### The data
BEGIN

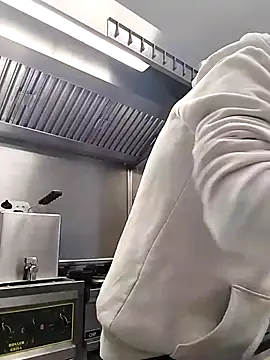 hotmen83 online show from September 2025 07:12:01 AM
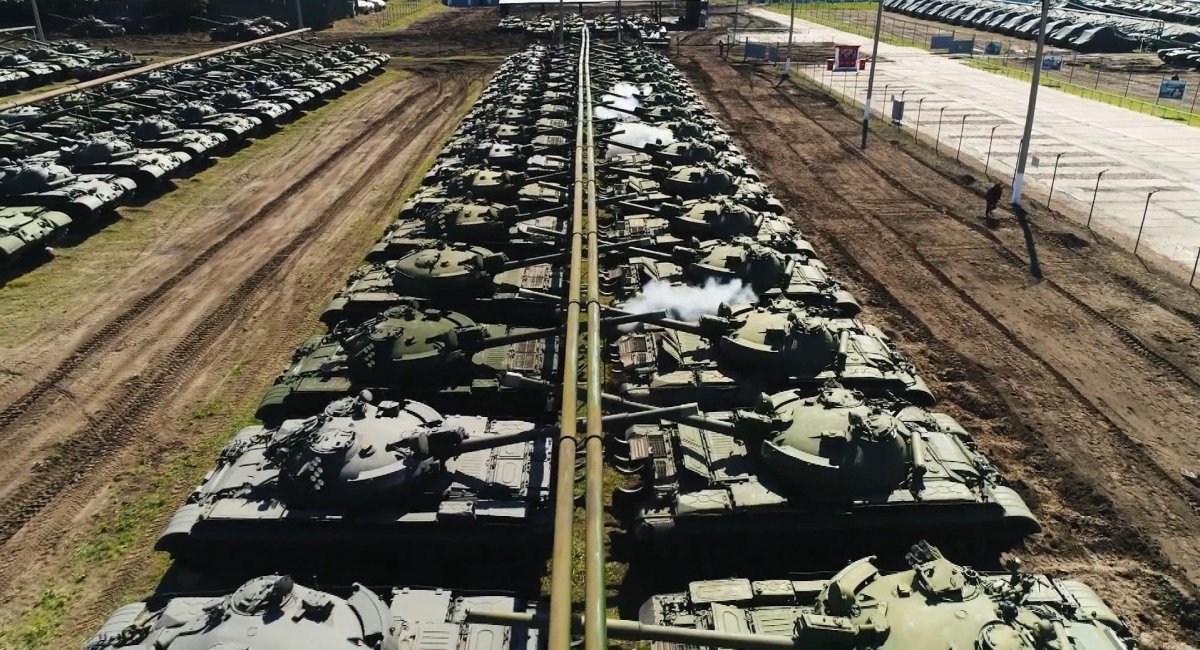 Польський аналітичний портал назвав кількість танків, БТР, БМП, САУ та артилерії, яку буксирують, на російських базах довготривалого зберігання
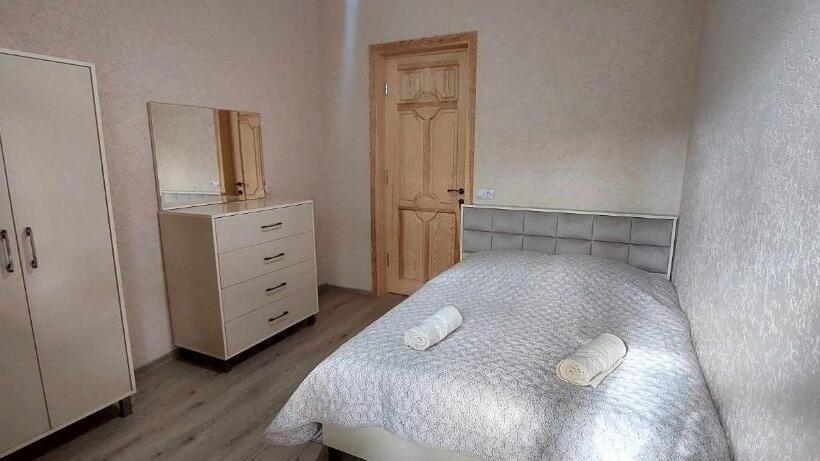 پانسیون Dadu S Gelati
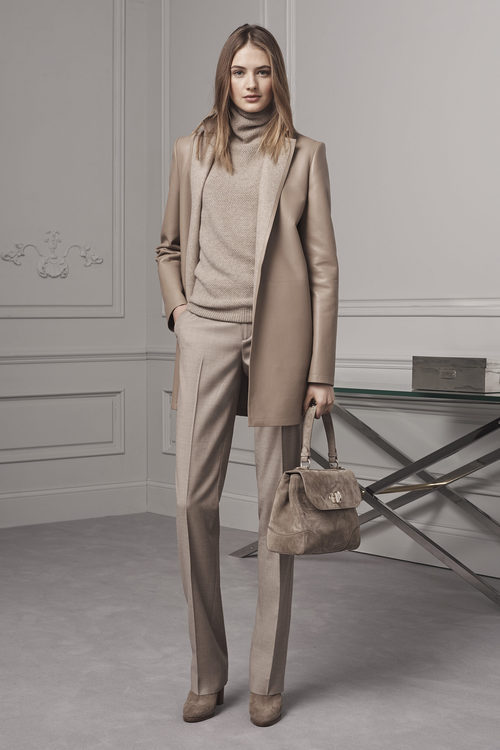 Conjunto working girl en tonos nautros de Ralph Lauren para la colección Pre-Fall 2016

END

### Exercise
Starting with the line that holds "Польський аналітичний портал", transcribe exactly each line through the last one of the material above, and nothing else. Do not include pictures.

### Answer section
 Польський аналітичний портал назвав кількість танків, БТР, БМП, САУ та артилерії, яку буксирують, на російських базах довготривалого зберігання
 پانسیون Dadu S Gelati
 Conjunto working girl en tonos nautros de Ralph Lauren para la colección Pre-Fall 2016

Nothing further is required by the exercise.